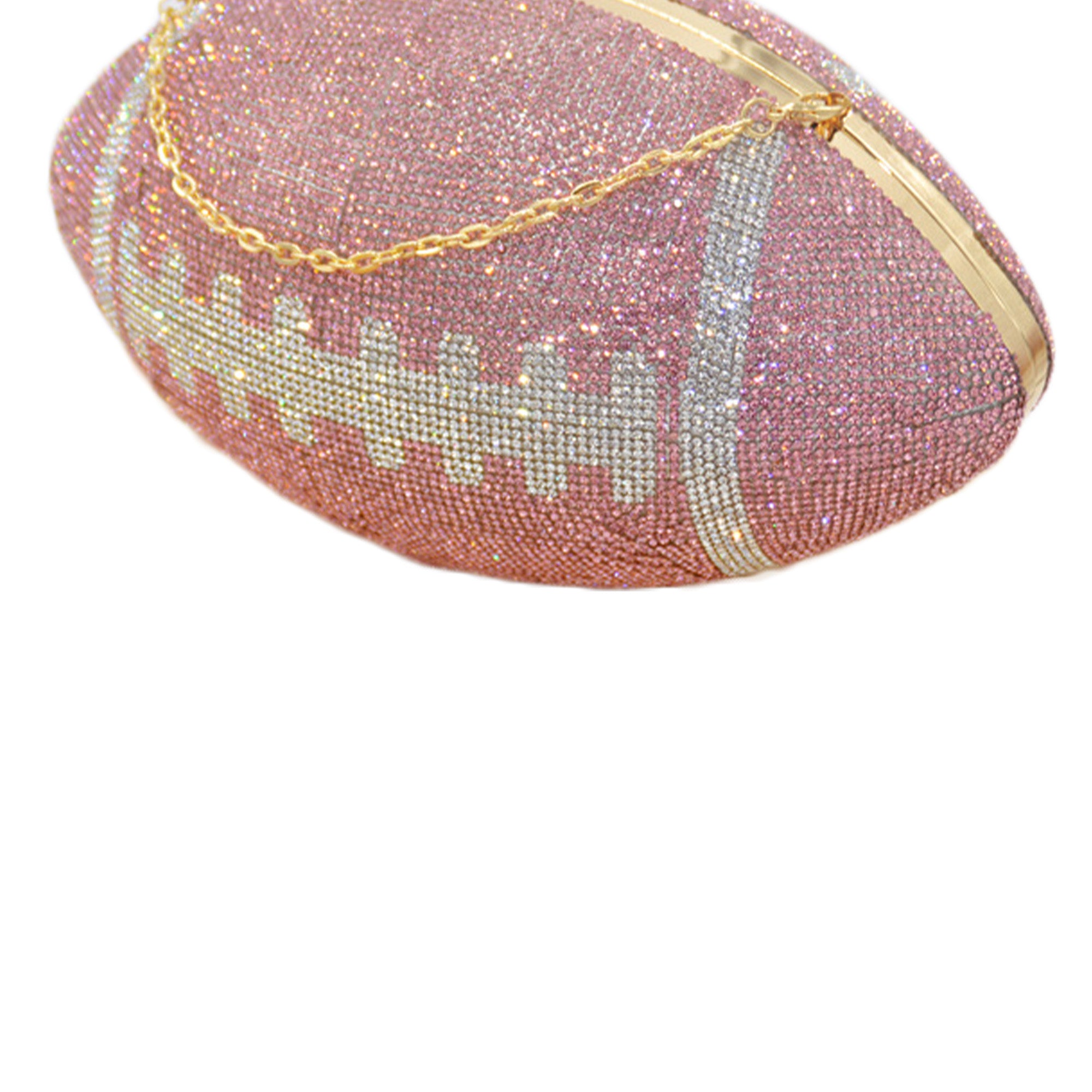 Football Rhinestone Clutch HB1115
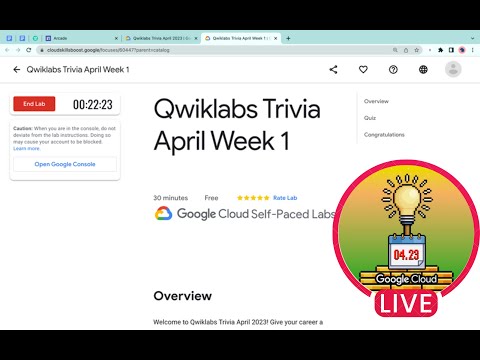 Qwiklabs Trivia April Week 1 solution - YouTube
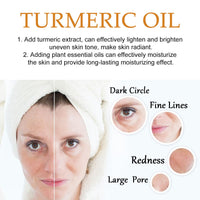 DMQ Turmeric Essential Oil,2PCS Turmeric Serum Dark Spot Removal Serum,Turmeric Skin Oil for Dry Skin,Turmeric Anti Aging Face Serum for Women,Turmeric Oil and Serum,Skin Moisturiser for Body&Face-100ml*2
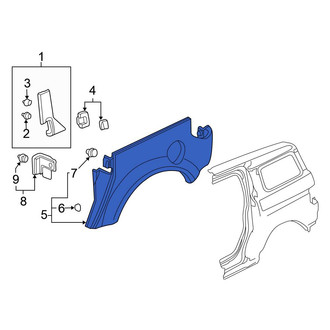 Honda OE - Rear Left Outer Quarter Panel Extension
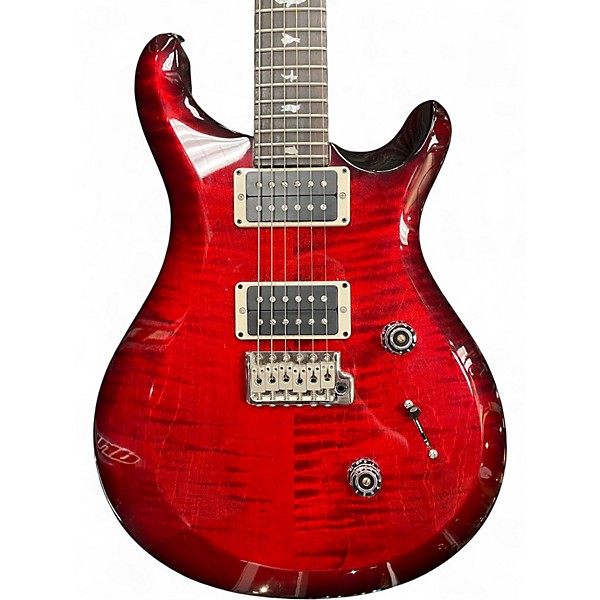 Used PRS Custom 24 FIRE RED BURST Solid Body Electric Guitar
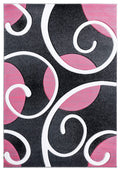 Rugs Pink Area Rug - 31" x 50" x 0.53" Pink Olefin/Polypropylene Mat Rug HomeRoots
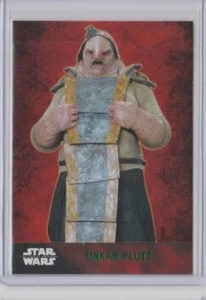 Star Wars The Force Awakens Series 1 Trading Card Green UNKAR PLUTT #19 - Picture 1 of 1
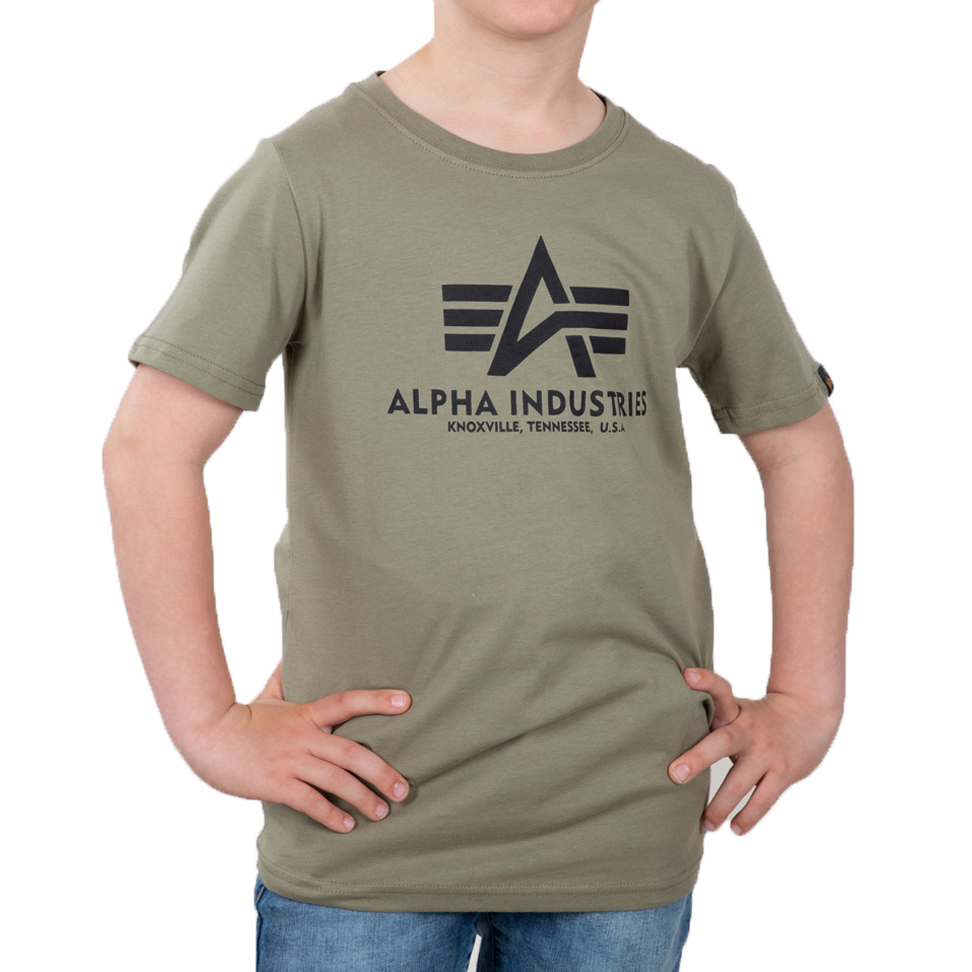 Alpha Industries Kinder T-Shirt Basic T von Alpha Industries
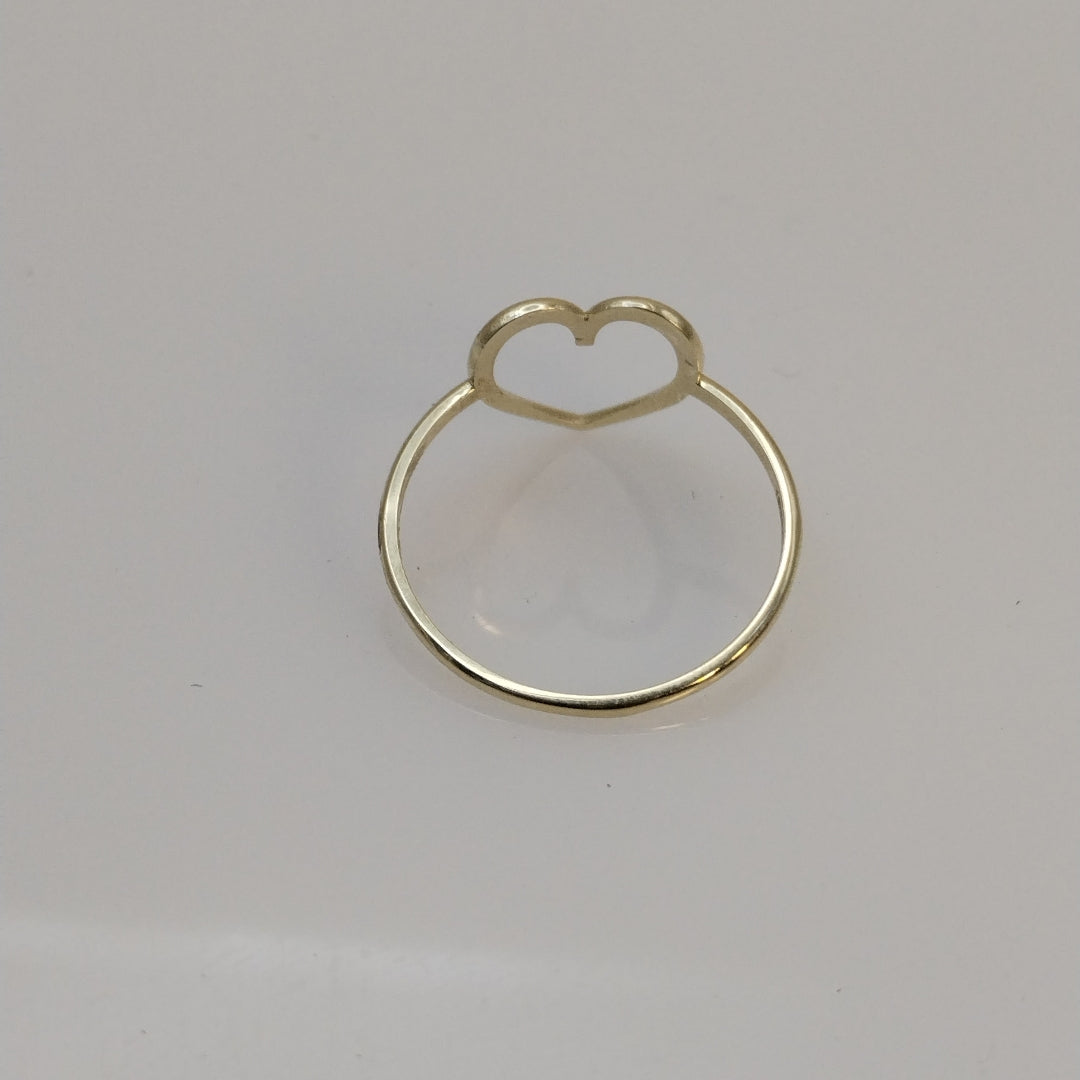 ANILLOS ANILLITO FIG CORAZON 10K TALLA 7 0.8 GR (NUEVO)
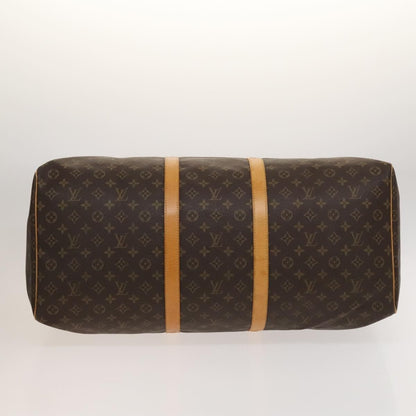 Louis Vuitton Keepall Bag Monogram Canvas, BROWN, CANVAS, Travel bag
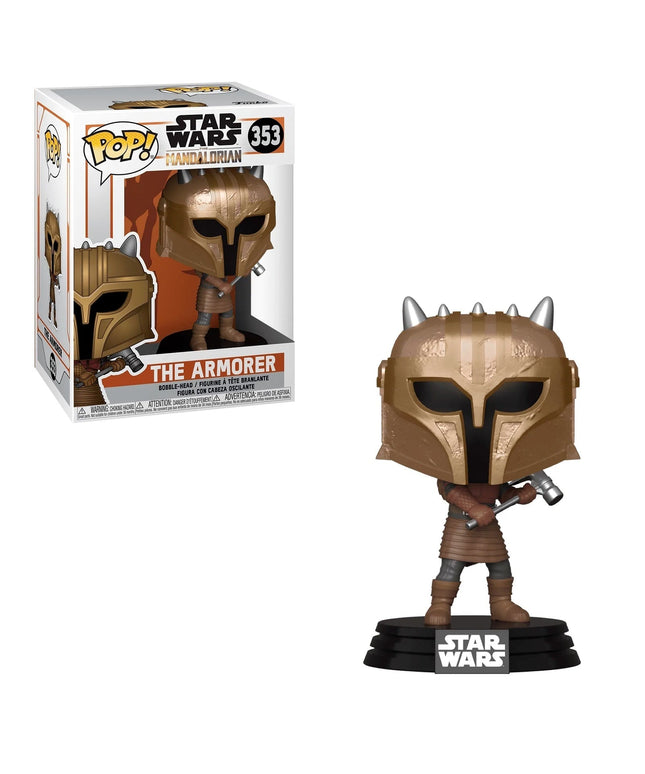 The Armorer Pop Star Wars The Mandalorian Bobblehead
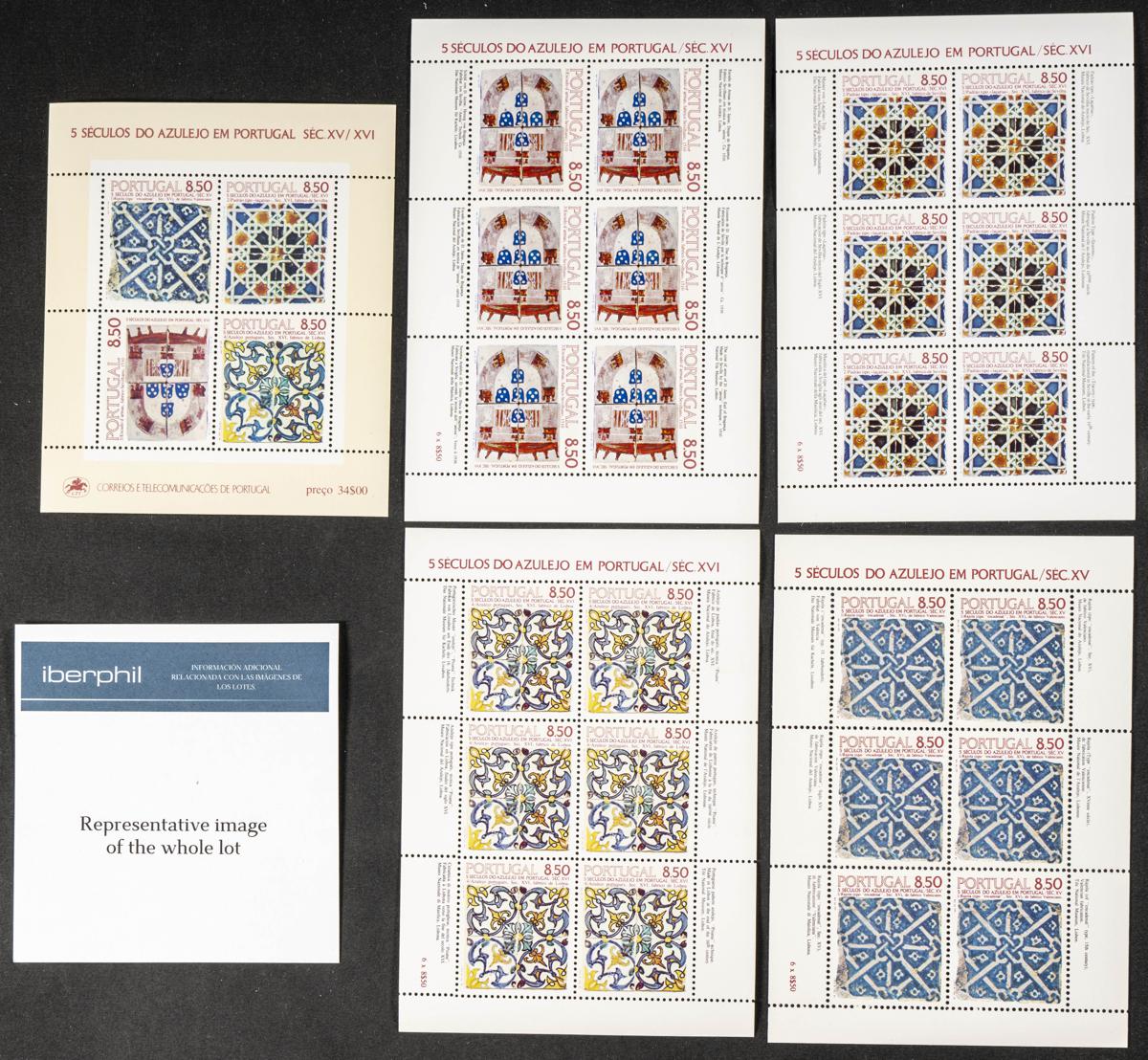 1080 | Portugal. Stock de Series y Sellos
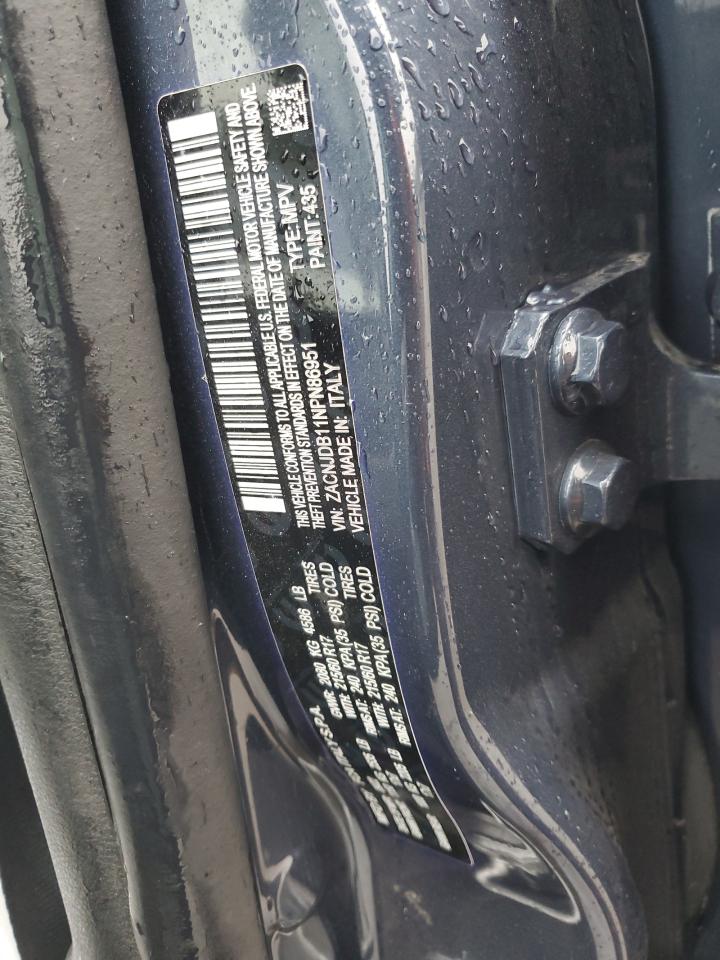 2022 JEEP RENEGADE LATITUDE VIN:ZACNJDB11NPN86951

# # # # #

- **BRIEF**: The pictures are not part of the copy. Retype everything else in the entries exactly.

- **RESPONSE BOX**:
 Football Rhinestone Clutch HB1115
 Qwiklabs Trivia April Week 1 solution - YouTube
 DMQ Turmeric Essential Oil,2PCS Turmeric Serum Dark Spot Removal Serum,Turmeric Skin Oil for Dry Skin,Turmeric Anti Aging Face Serum for Women,Turmeric Oil and Serum,Skin Moisturiser for Body&Face-100ml*2
 Honda OE - Rear Left Outer Quarter Panel Extension
 Used PRS Custom 24 FIRE RED BURST Solid Body Electric Guitar
 Rugs Pink Area Rug - 31" x 50" x 0.53" Pink Olefin/Polypropylene Mat Rug HomeRoots
 Star Wars The Force Awakens Series 1 Trading Card Green UNKAR PLUTT #19 - Picture 1 of 1
 Alpha Industries Kinder T-Shirt Basic T von Alpha Industries
 ANILLOS ANILLITO FIG CORAZON 10K TALLA 7 0.8 GR (NUEVO)
 Louis Vuitton Keepall Bag Monogram Canvas, BROWN, CANVAS, Travel bag
 The Armorer Pop Star Wars The Mandalorian Bobblehead
 1080 | Portugal. Stock de Series y Sellos
 2022 JEEP RENEGADE LATITUDE VIN:ZACNJDB11NPN86951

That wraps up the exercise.